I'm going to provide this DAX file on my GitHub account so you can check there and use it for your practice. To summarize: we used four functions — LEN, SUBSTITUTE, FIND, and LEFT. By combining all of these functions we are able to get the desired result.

****************************************

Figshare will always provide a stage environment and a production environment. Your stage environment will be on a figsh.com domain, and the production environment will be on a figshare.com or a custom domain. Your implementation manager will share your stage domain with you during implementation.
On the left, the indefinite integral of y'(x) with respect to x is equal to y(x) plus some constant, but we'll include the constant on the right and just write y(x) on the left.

****************************************

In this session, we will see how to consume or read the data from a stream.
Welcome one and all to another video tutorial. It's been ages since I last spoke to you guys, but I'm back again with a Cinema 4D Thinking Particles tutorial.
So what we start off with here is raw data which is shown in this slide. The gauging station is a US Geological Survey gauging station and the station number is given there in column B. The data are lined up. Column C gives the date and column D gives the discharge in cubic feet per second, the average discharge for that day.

****************************************

### Work required
Within the material above, transcribe exactly the lines that run from the line holding "In this session, we" through the line holding "So what we start".

### Solution for this exercise
In this session, we will see how to consume or read the data from a stream.
Welcome one and all to another video tutorial. It's been ages since I last spoke to you guys, but I'm back again with a Cinema 4D Thinking Particles tutorial.
So what we start off with here is raw data which is shown in this slide. The gauging station is a US Geological Survey gauging station and the station number is given there in column B. The data are lined up. Column C gives the date and column D gives the discharge in cubic feet per second, the average discharge for that day.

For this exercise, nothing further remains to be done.